Problem =
Make an exact copy of the whole listing, but leave its pictures out.
[[ Source data open ]]
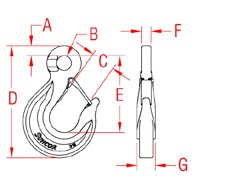 Eye Slip Hook Large Forged 316 Marine Grade Drawing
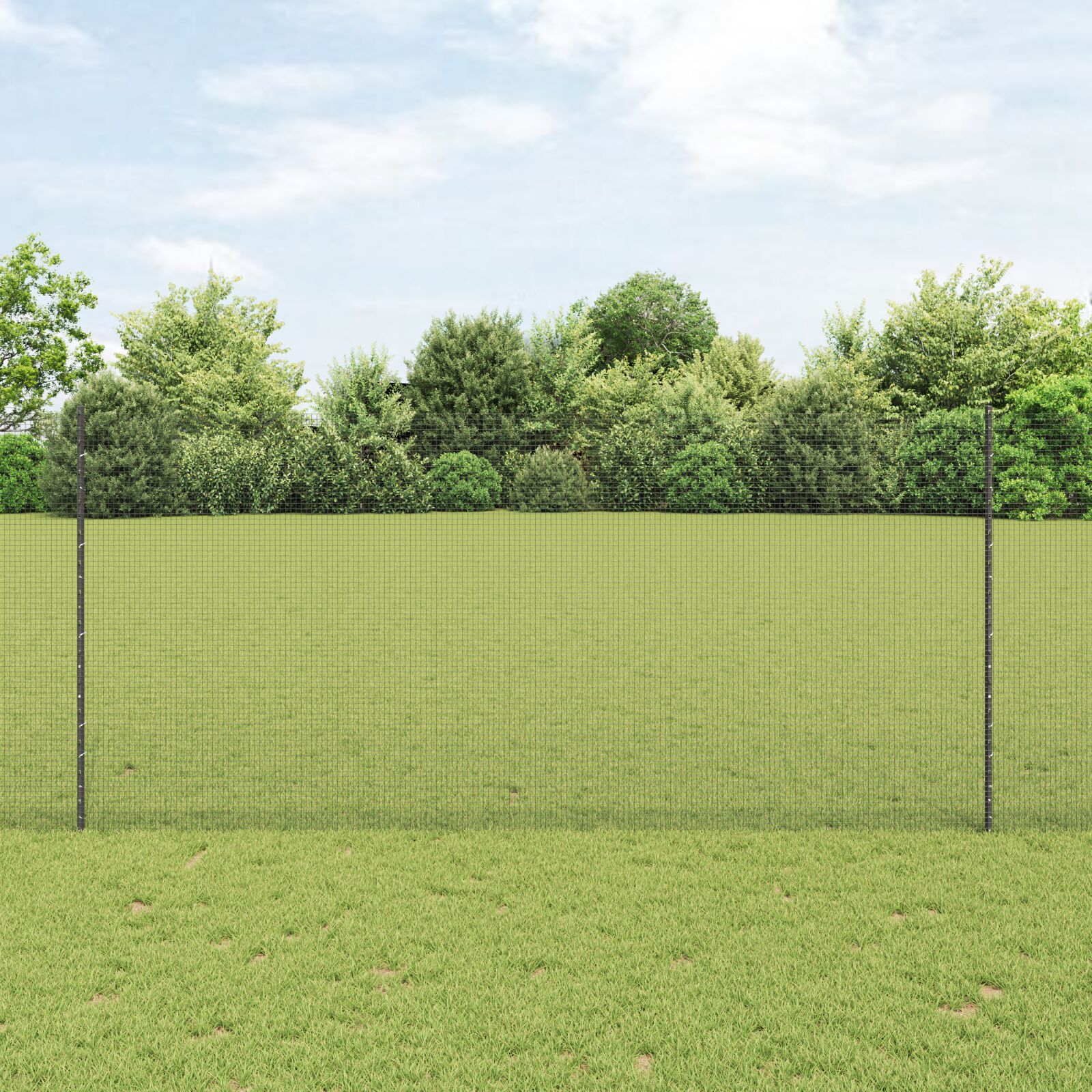Gelöteter Drahtzaun mit 10 U-Posten Grau 1,4x10 m Stahl
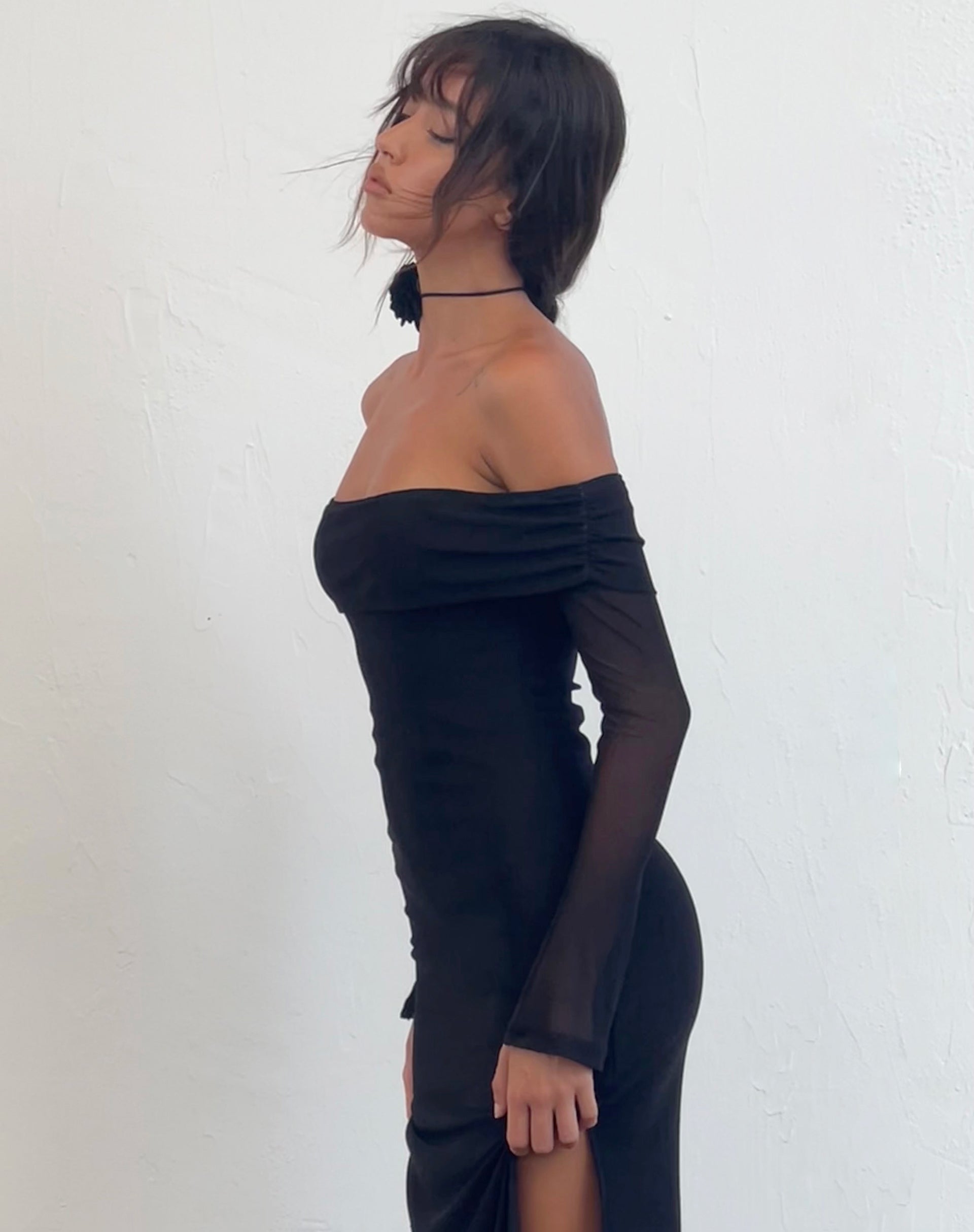 Imagen de Terika Bardot Maxi Vestido de Manga Larga de Malla Negro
[[ Source data closed ]]
Answer below =
 Eye Slip Hook Large Forged 316 Marine Grade Drawing
Gelöteter Drahtzaun mit 10 U-Posten Grau 1,4x10 m Stahl
 Imagen de Terika Bardot Maxi Vestido de Manga Larga de Malla Negro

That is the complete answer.